Because the second one’s focus is on the zero value of “intutBase”, not empty “digits”, Rule 4 does only matter to the first one.

Anyway, this what I know. I hope that someone monitoring this forum can tell us what we don’t know.

IsaacG · May 6, 2025, 11:33pm

There is high educational value in learning to do error handling. There are a number of exercises that require students write error handling code. However, we found that too many of the exercises were requiring error handling, requiring a big percentage of the solution code across exercises to be somewhat repetitious error handling code. All the error handling isn’t super useful after the third time and can distract from what is actually interesting about the exercises. As a result, it was decided to dial back on the error handling requirements and keep those in only a few exercises.

Borderite · May 7, 2025, 7:05pm

@IsaacG I see your point. Putting too many topics in a single exercise does not help students. We probably have already enough for error handling.

Borderite · May 7, 2025, 7:17pm

@SleeplessByte I have tried to check where rule 4 comes from. An earlier commit to the problem specification of “All Your Base” in 2016 shows interesting exchanges.
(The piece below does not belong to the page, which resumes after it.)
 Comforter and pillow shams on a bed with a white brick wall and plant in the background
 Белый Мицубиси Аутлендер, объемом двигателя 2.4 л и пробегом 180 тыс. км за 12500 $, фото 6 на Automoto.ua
It seems that my view was not an outlier, though plenty of other opinions were expressed, too. Then the discussion converged to leaving many things to tracks’ decision.

In 2017, another commit was merged to make the current form of the rules. Unfortunately, I could not find any rationale for rule 4.

SleeplessByte · May 7, 2025, 7:55pm

I have read the discussion once again, thank you for finding it.

The rationale for rule 4 is given in that thread. Whilst multiple people agree that [] should error, multiple people also agree that [] signals 0.

With the current state of problem specs we allow for both approaches to exist among tracks. Tracks can decide if they want to implement the test cases leading to input error and test cases leading to gracefully handling it.

Changing the problem specs to remove either is therefore not in the spirit of problem specs (anymore). Whereas before, problem-specs were to be adhered to 100%, all tests are now optional for all tracks.

My personal opinion on this is now formed. Because the proposed change does not fix a bug, I don’t think it should be applied.

Does that make sense?

Borderite · May 7, 2025, 10:22pm

@SleeplessByte OK. Thanks for your time.

mk-mxp · May 11, 2025, 8:53am

This reminds me of discussions on the robustness principle. It is common to be open on the input side for more than considered valid on the output side (the [] here), but the downside is to become incompatible between implementations for these inputs if they are not clearly specified.

So, in fact it is not “exotic” or “uncommon” to have differing input and output “validity”. Having it specified as we have here overcomes the downside, so to me that is the right thing to do.

Do we need to test for it? To ensure compatibility between implementations the contract needs those tests, too. So I welcome the tests for it.

Borderite · May 11, 2025, 1:25pm

I’m a resilience principle person rather than a robustness principle person.

mk-mxp · May 11, 2025, 3:47pm

It’s a bit off-topic: @Borderite Do you have a reference to the resilience principle you refer to? I don’t know such. I know a bit about Resilience engineering, where the robustness principle helps building resilient systems (by allowing a fair bit of change before breaking something). Normally, strictly narrowed input validation is a reason for inadaptive, unresilient systems…

Borderite · May 11, 2025, 5:56pm

Your interpretation is right. I probably should have say “resilience person” (but sounds weird) or “resilient control person”. You are right that the two concepts are closely related. But the resilient control puts more stress on recovery from errors (caused by various factors including protocol violations) in my understanding.